しなやかな足が自慢です。【スバル・インプレッサWRX STIグループR4マシンのすべて】

FIA(国際自動車連盟)のグループR4規定では、グループNマシンをベースにサスペンションの改良も認められています。特にサスペンションストロークやレバー比が市販車のままではどうしても路面追従性に限界があり、これがキットカーであるS2000と差が生まれる原因のひとつになっていました。

そこでインプレッサ・グループR4キットではサスペンションが大幅に改良されて路面追従性が向上しました。

ではそのキットを紹介しましょう。

まずはフロントクロスメンバー。フロントのロワアームを支持するメンバーですね。写真は上下逆さまになっています。

クロスメンバとロワアームの取り付け穴が長穴になっていて、スペーサーをで±10mmで調整できるようにしてあります。これによってロールセンターの高さを±30mm変更することができるようになりました。

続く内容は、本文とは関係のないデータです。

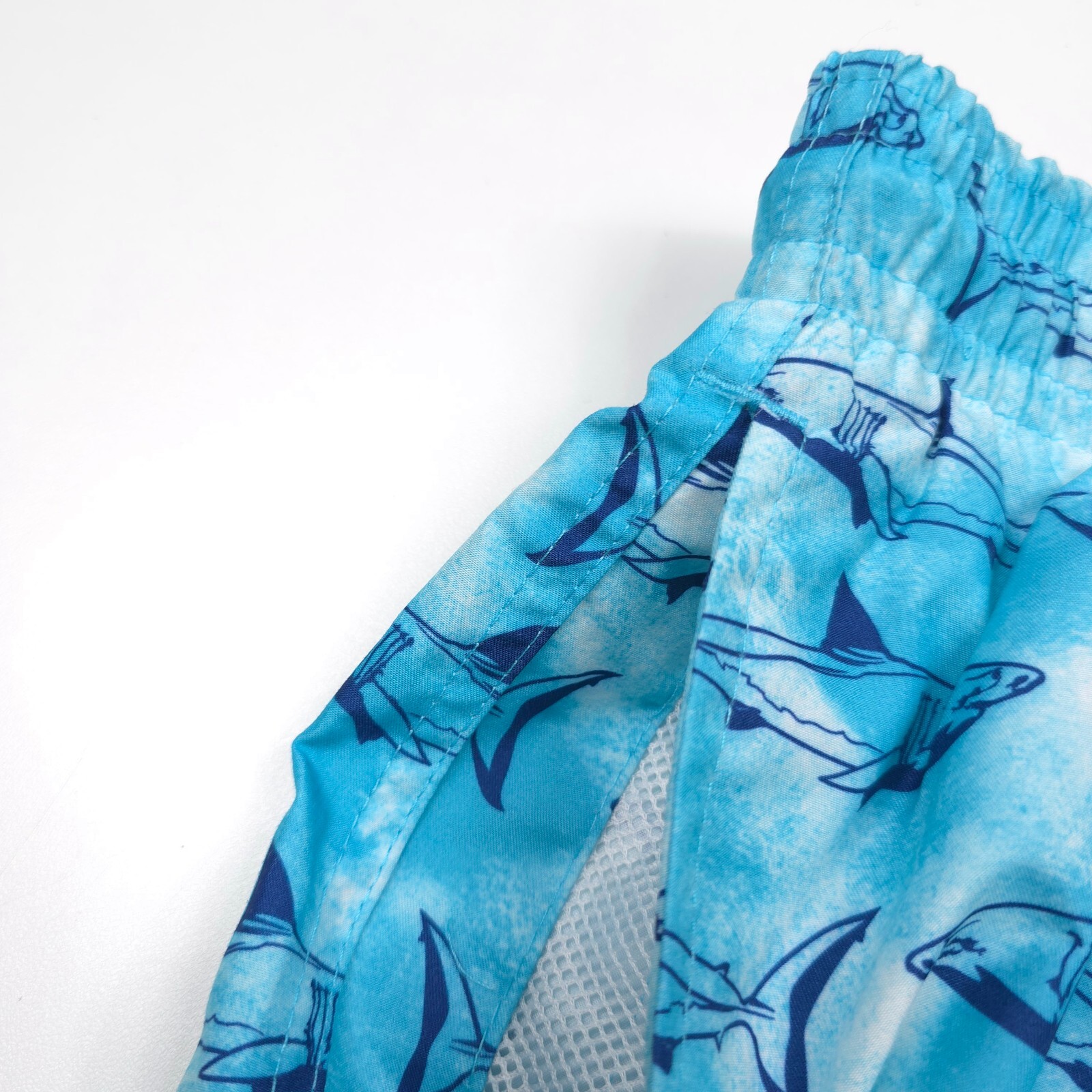 Surf & Swim Co Trunks Shorts Mens Medium School Of Sharks Blue NWT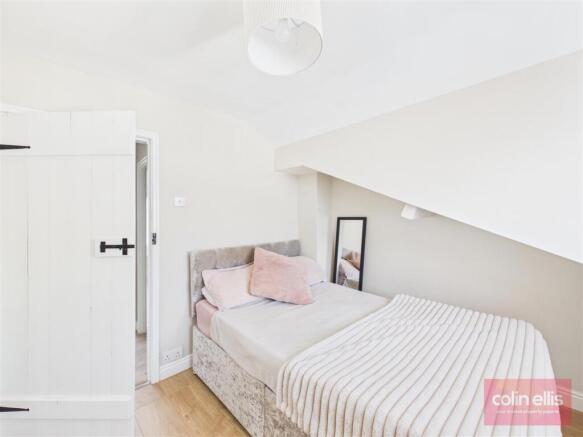2 bed Terraced for sale Image 12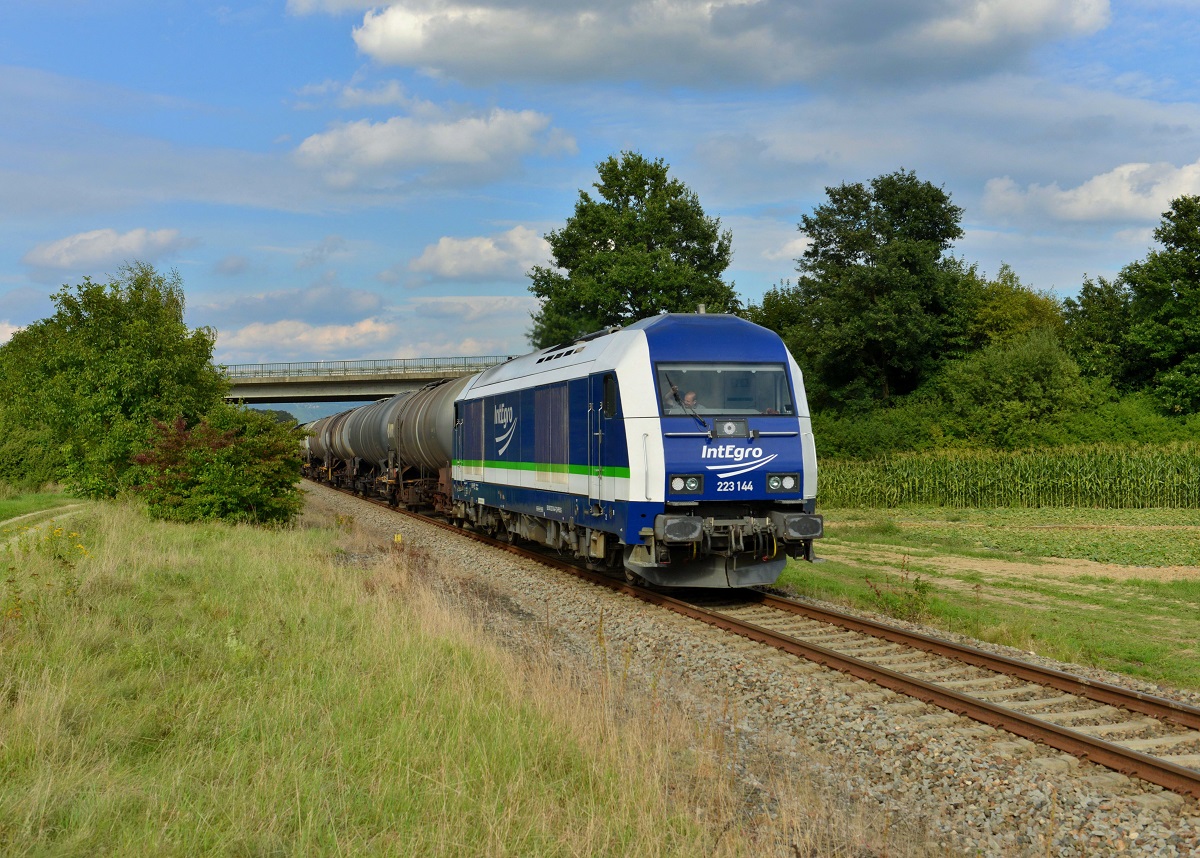 223 144 mit einem Kesselzug am 25.08.2014 bei Pankofen.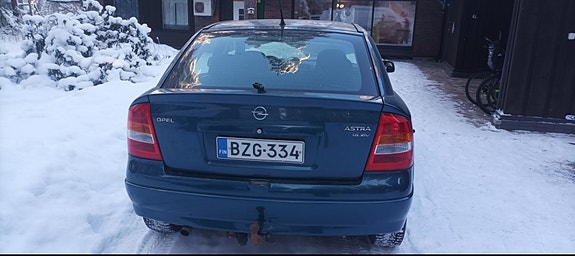 Opel Astra viistoperä takaluukun ovi tavaratilan ovi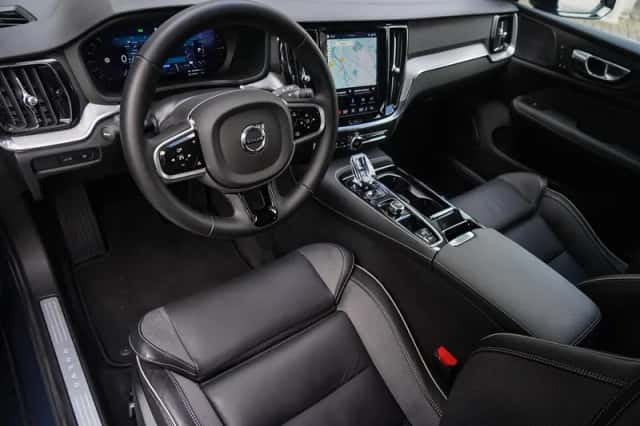 Volvo V60 (2025) thumbnail 12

このロールセンターの高さ調整は、ターマック仕様とグラベル仕様の車高の変化に対してロールセンターを一定にさせるためのものです。

フロントロワアームは市販車のゴムブッシュに変わってピロボールブッシュのキットに交換されています。

フロントダンパーのアッパーマウントは20mm高くなり、サスペンションのストローク量が増やされました。これは路面追従性の向上に寄与しています。

4.51kg軽量化されたリアサブフレームはパイプフレーム構造。

リアサブフレームはリンク取り付けの穴はハイ、ローの2箇所設定。これでフロント同様ターマックセッティングとグラベルセッティングで車高が変わっても同じロールセンターを維持することが可能になっています。

また市販車よりもダンパーの取り付け位置を外に出して、レバー比を1.2から1.06に変更して効率よく減衰とバネが効くようにして、24〜25%ぐらいバネレートを下げることが可能になりました。

リアのラテラルリンクもピロボールが多用されています。これのよってリアサブフレームの横Gに対する変位量は市販車のゴムブッシュを廃止したことも合わせて1/10以下となったそうです。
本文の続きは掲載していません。